» Required action: The answer is the full listing restated exactly, without any pictures.

» Recorded data:

——————————

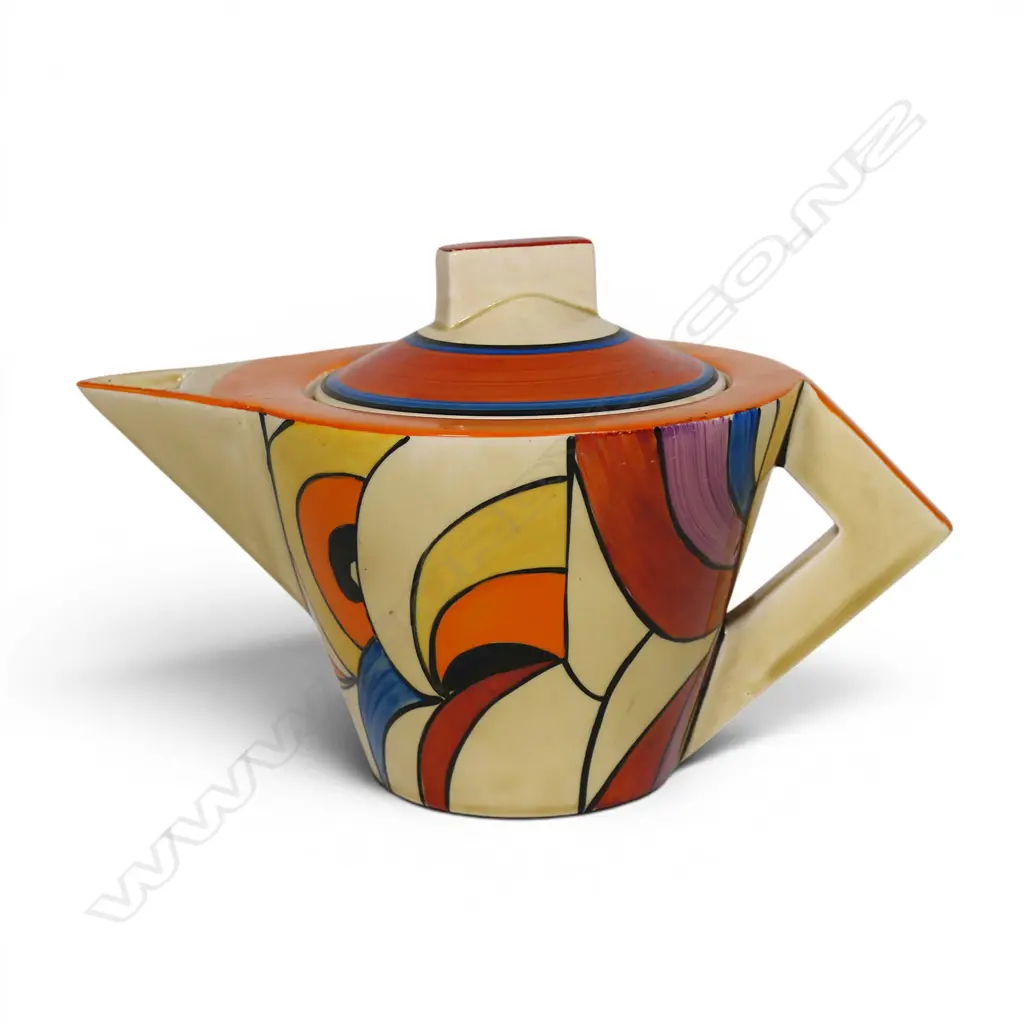 Clarice Cliff Bizarre conical shape teapot, Image 1++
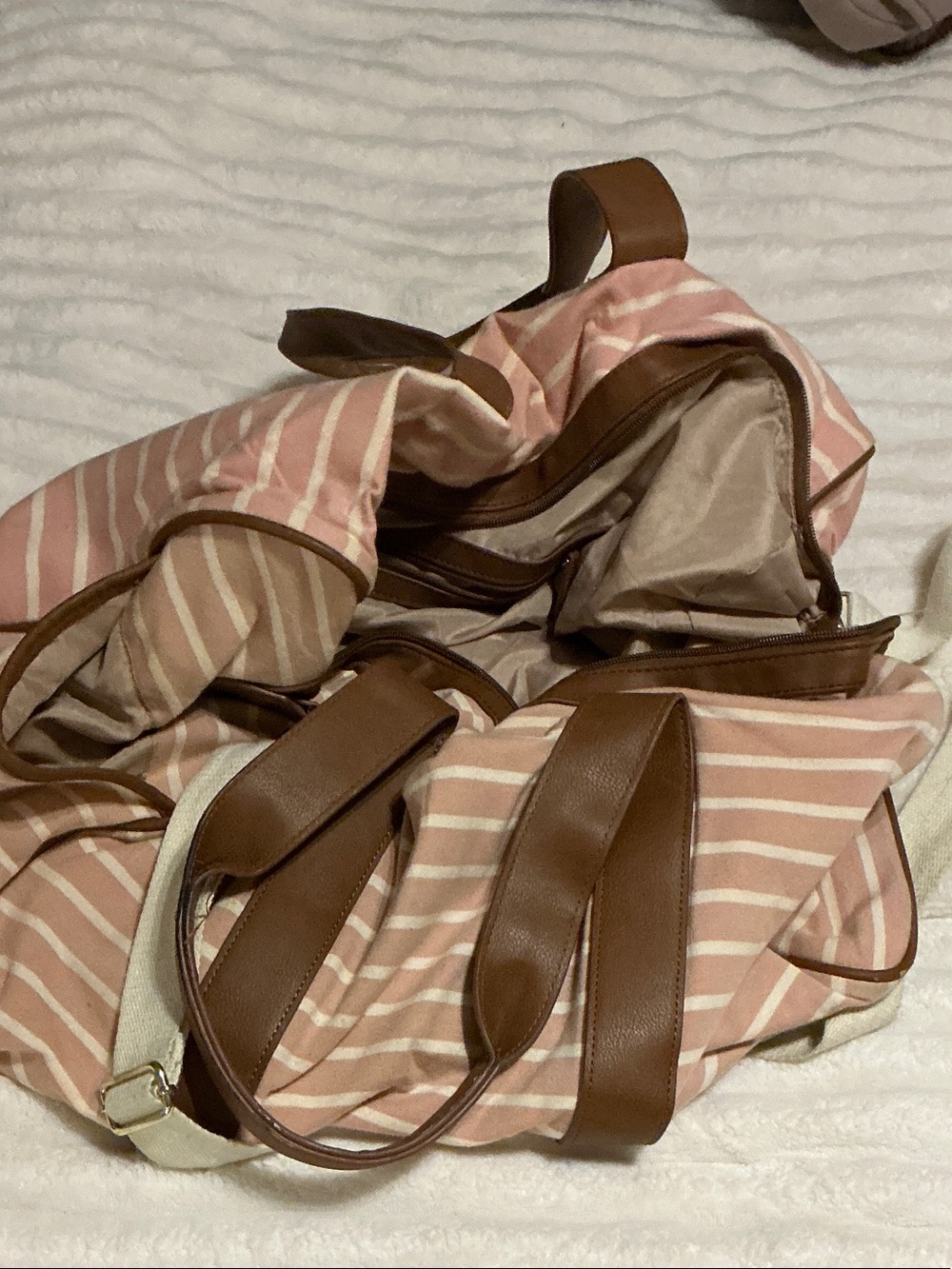 Striped Pink Canvas Tote with Brown Trim - Women's Shoulder Bag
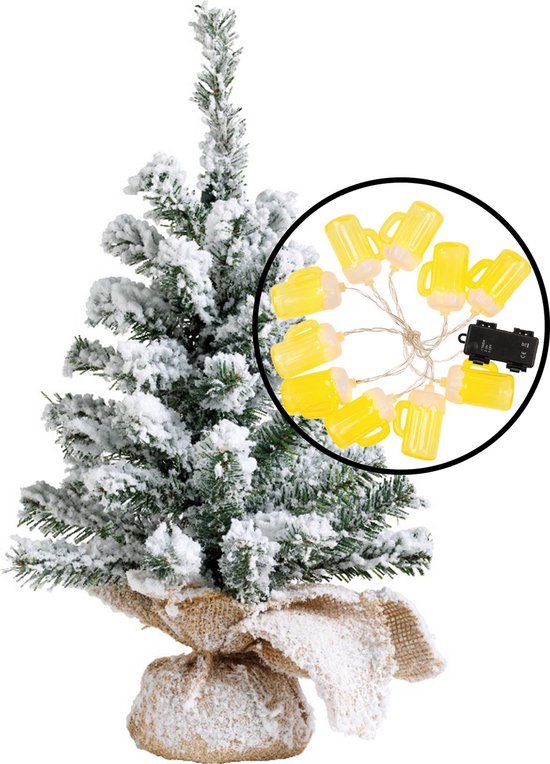 Kleine besneeuwde kunst kerstboom H45 cm met bier lichtsnoer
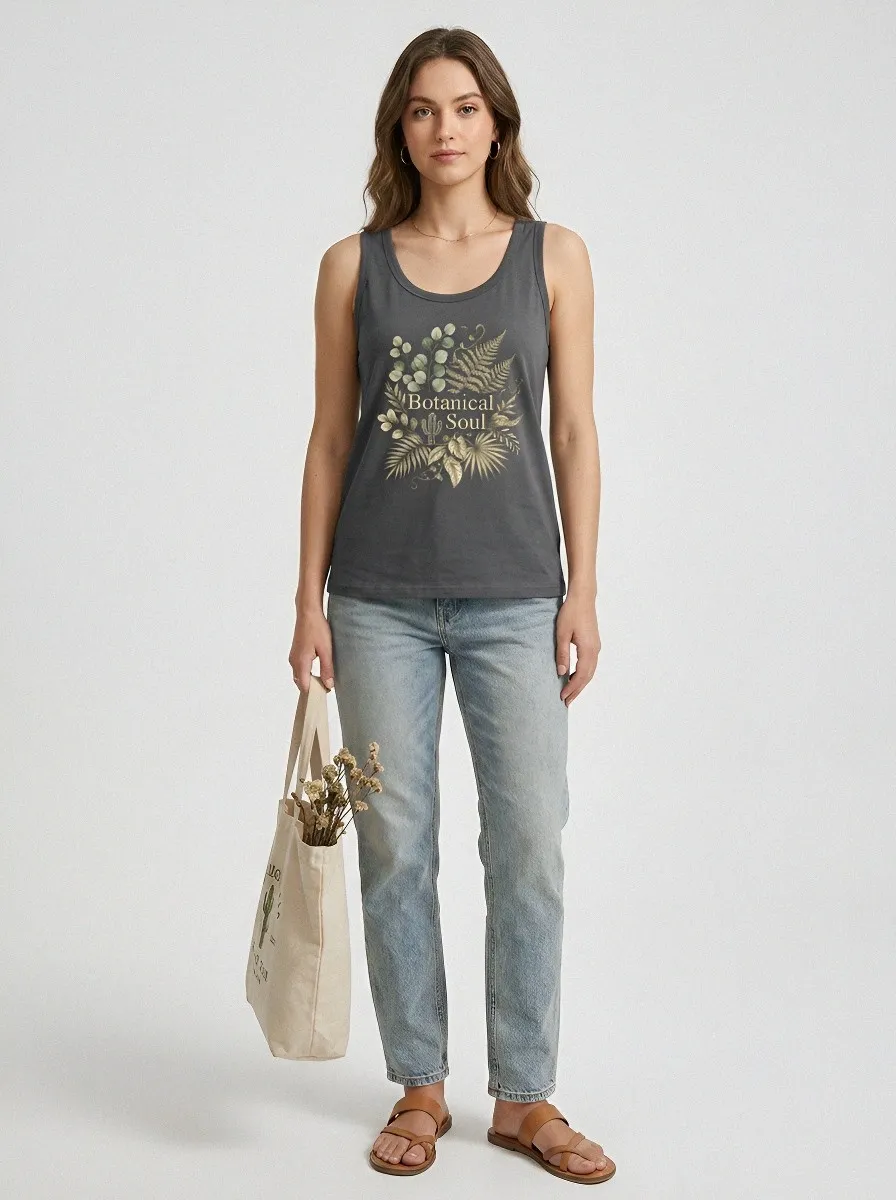 Women's Natural Vibes Cactus Floral Printed Tank Top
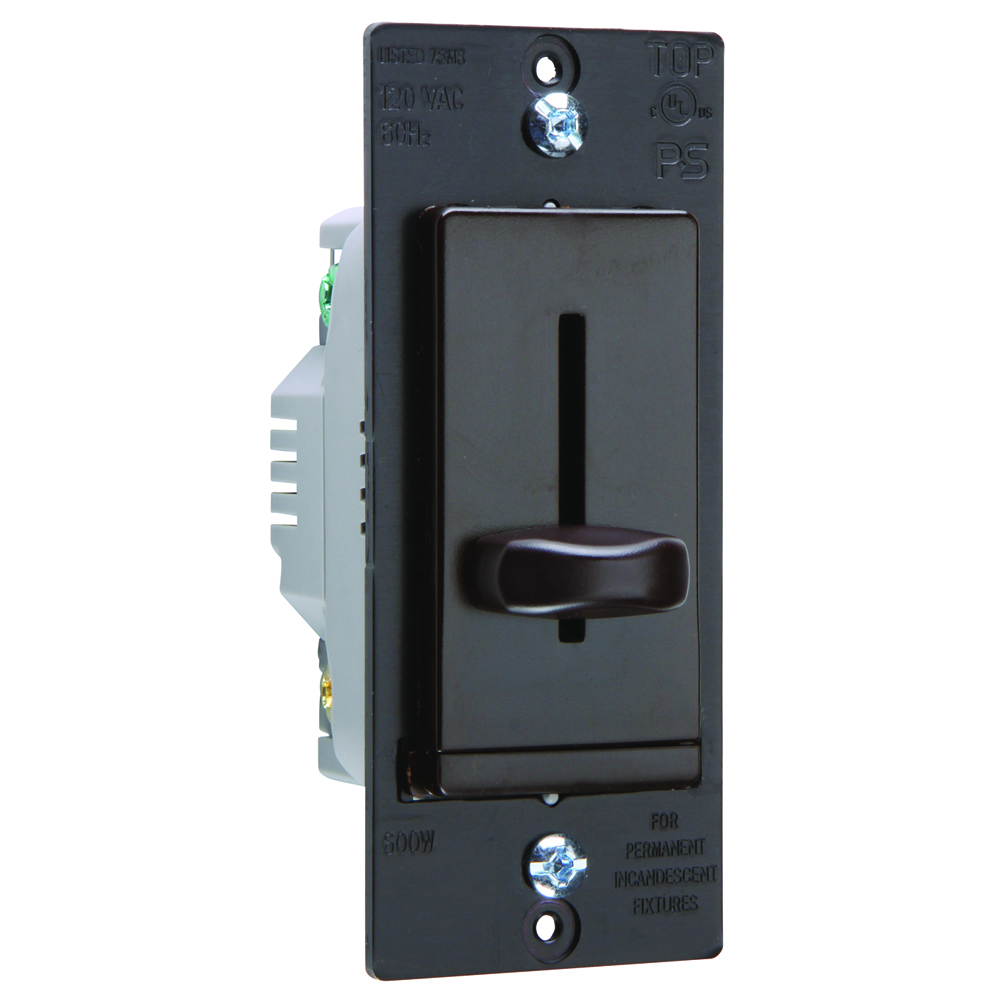 LS600 Wattstopper LS Series Dimmer Switch, 120 VAC, 1 Poles, Slide to Off Operation, Brown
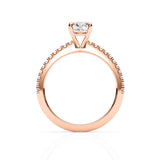 ADALET | Pavé Solitaire Oval Shape Diamond Ring in Rose Gold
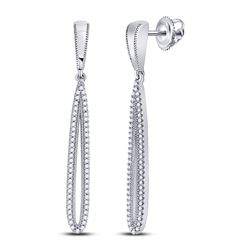 Womens Round Diamond Oblong Teardrop Dangle Earrings 1/3 Cttw 10kt White Gold - REF-27K9Y
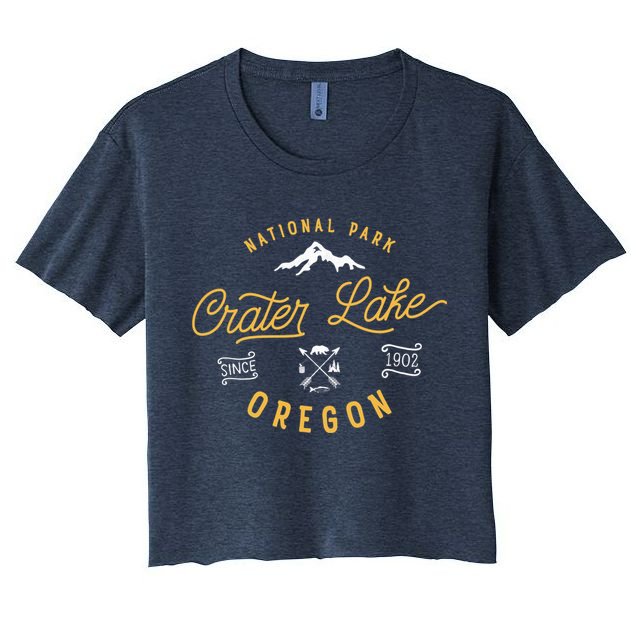 Crater Lake Oregon National Park Vintage Retro Outdoor Novelty Crop Top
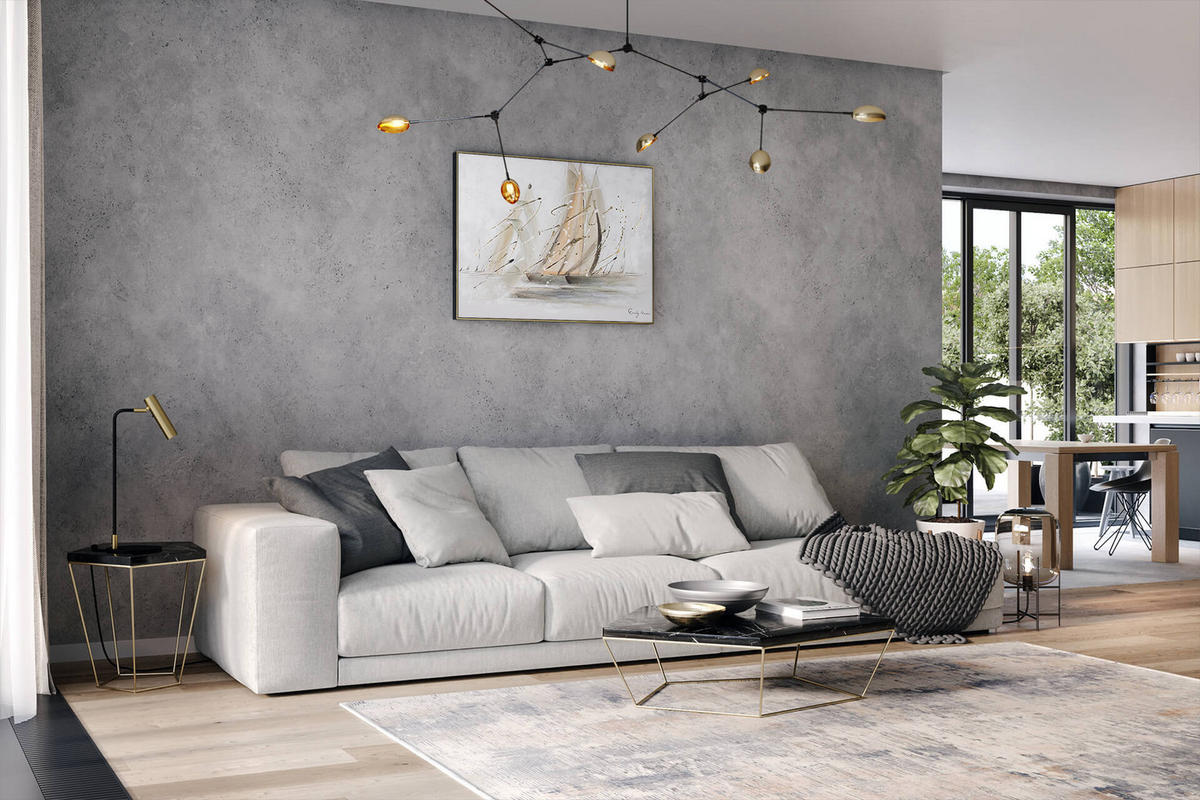 OLEJOMAĽBA 100/75 cm, More a pláž - sivá/béžová, drevo/textil (100/75cm) - KUNSTLOFT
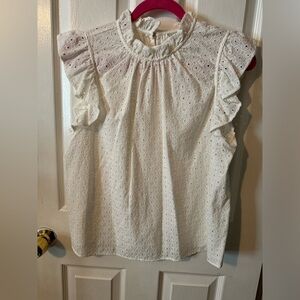 Ryegrass sheer white ruffled boutique blouse size large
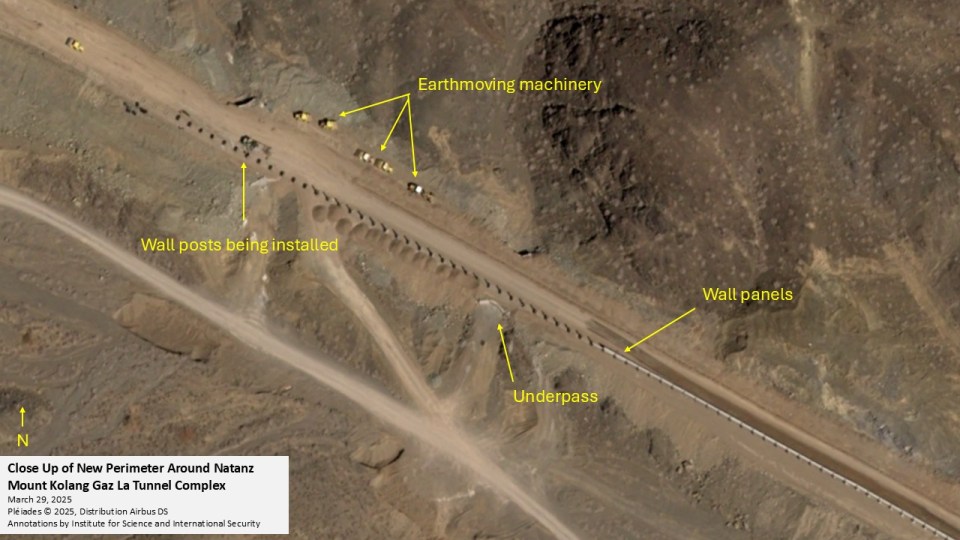 Aerial view of new perimeter wall construction around the Natanz nuclear facility.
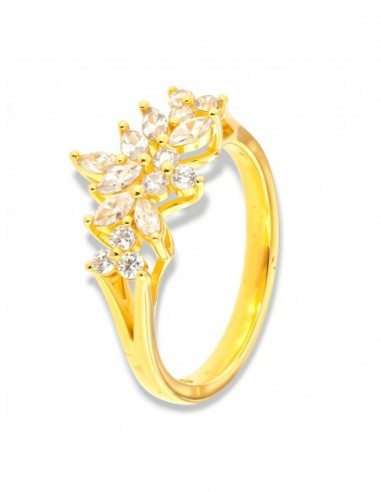 Anello Argento Dorato Fantasia Fiori Zirconi Bianchi [60aa674d]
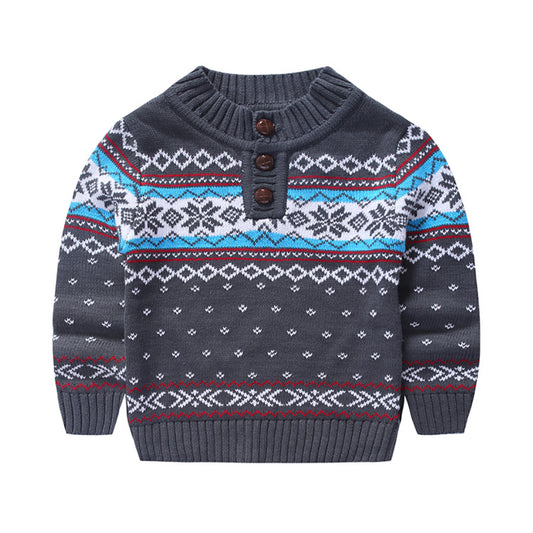 toddler boy long sleeve dark grey snowflake sweater front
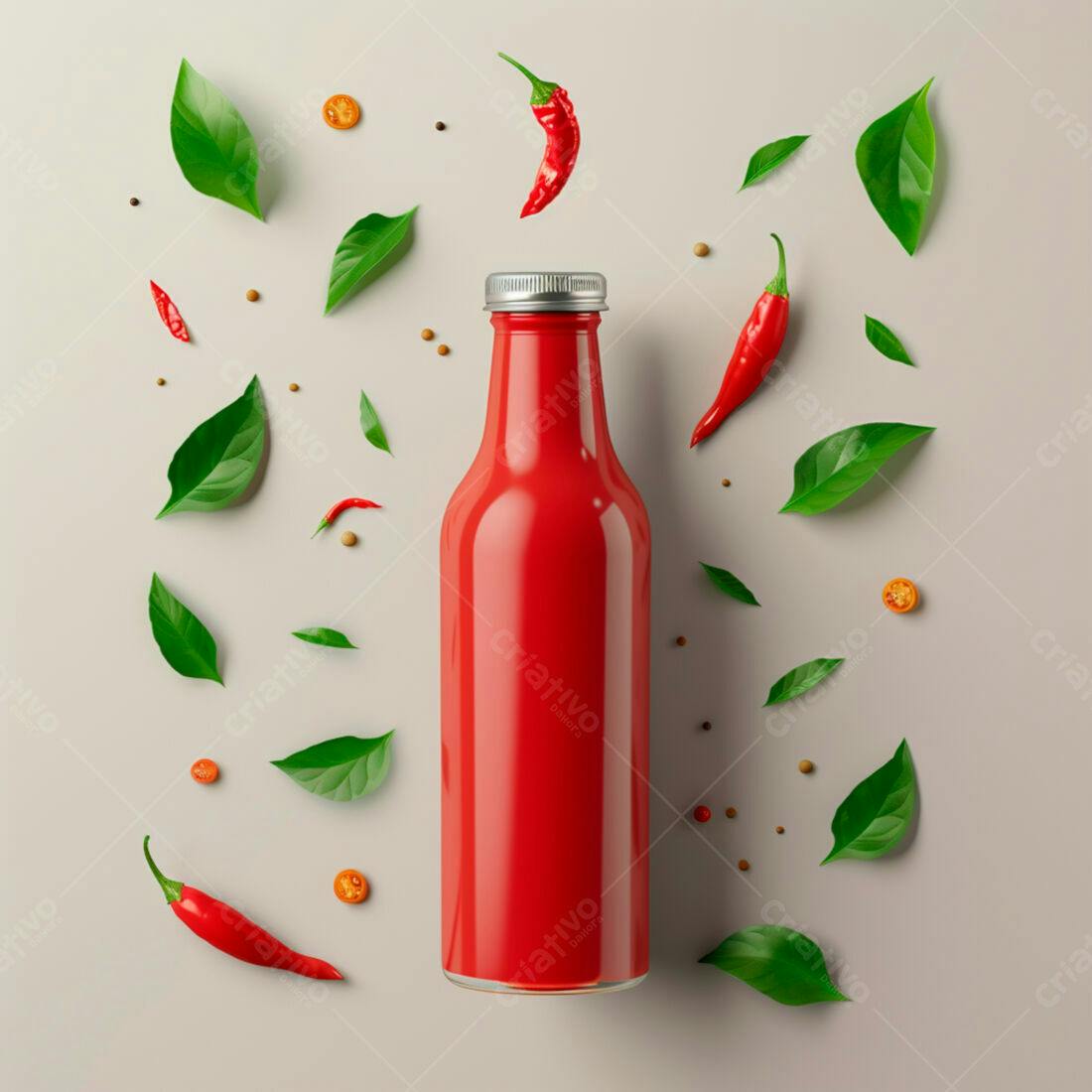 Garrafa de molho de pimenta vermelha com folhas e especiarias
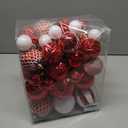 Christmas Ball Ornaments Set Assorted Shatterproof Ornaments 63 PCS Shaped Styles Xmas Tree Holiday Decorative,Red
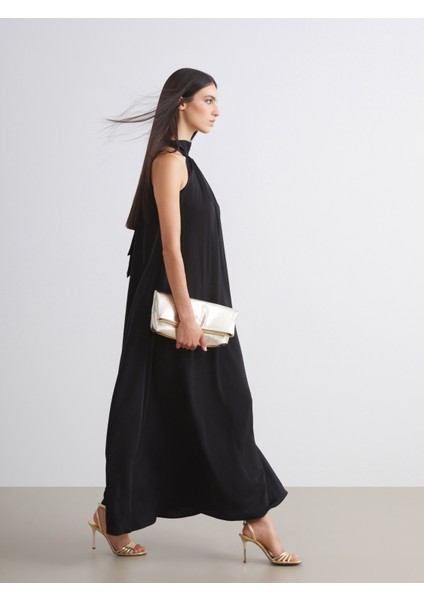 Halter Yaka Saten Elbise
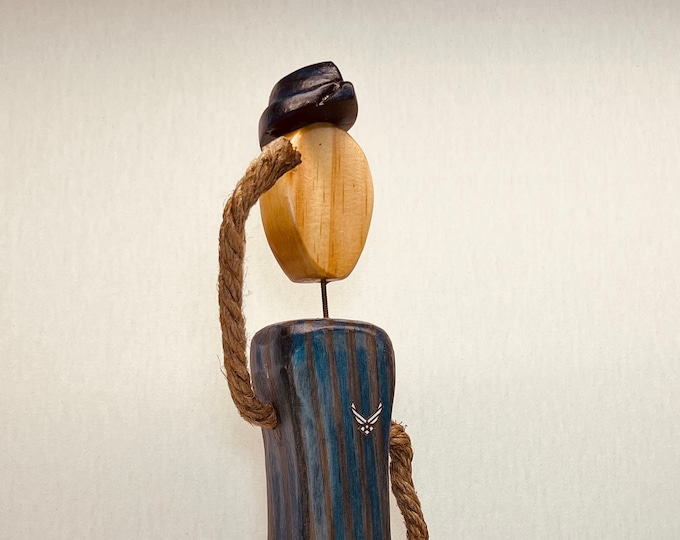 Air Force female wood figurine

——————————

» Task result:
 Clarice Cliff Bizarre conical shape teapot, Image 1++
 Striped Pink Canvas Tote with Brown Trim - Women's Shoulder Bag
 Kleine besneeuwde kunst kerstboom H45 cm met bier lichtsnoer
 Women's Natural Vibes Cactus Floral Printed Tank Top
 LS600 Wattstopper LS Series Dimmer Switch, 120 VAC, 1 Poles, Slide to Off Operation, Brown
 ADALET | Pavé Solitaire Oval Shape Diamond Ring in Rose Gold
 Womens Round Diamond Oblong Teardrop Dangle Earrings 1/3 Cttw 10kt White Gold - REF-27K9Y
 Crater Lake Oregon National Park Vintage Retro Outdoor Novelty Crop Top
 OLEJOMAĽBA 100/75 cm, More a pláž - sivá/béžová, drevo/textil (100/75cm) - KUNSTLOFT
 Ryegrass sheer white ruffled boutique blouse size large
 Aerial view of new perimeter wall construction around the Natanz nuclear facility.
 Anello Argento Dorato Fantasia Fiori Zirconi Bianchi [60aa674d]
 toddler boy long sleeve dark grey snowflake sweater front
 Garrafa de molho de pimenta vermelha com folhas e especiarias
 Christmas Ball Ornaments Set Assorted Shatterproof Ornaments 63 PCS Shaped Styles Xmas Tree Holiday Decorative,Red
 Halter Yaka Saten Elbise
 Air Force female wood figurine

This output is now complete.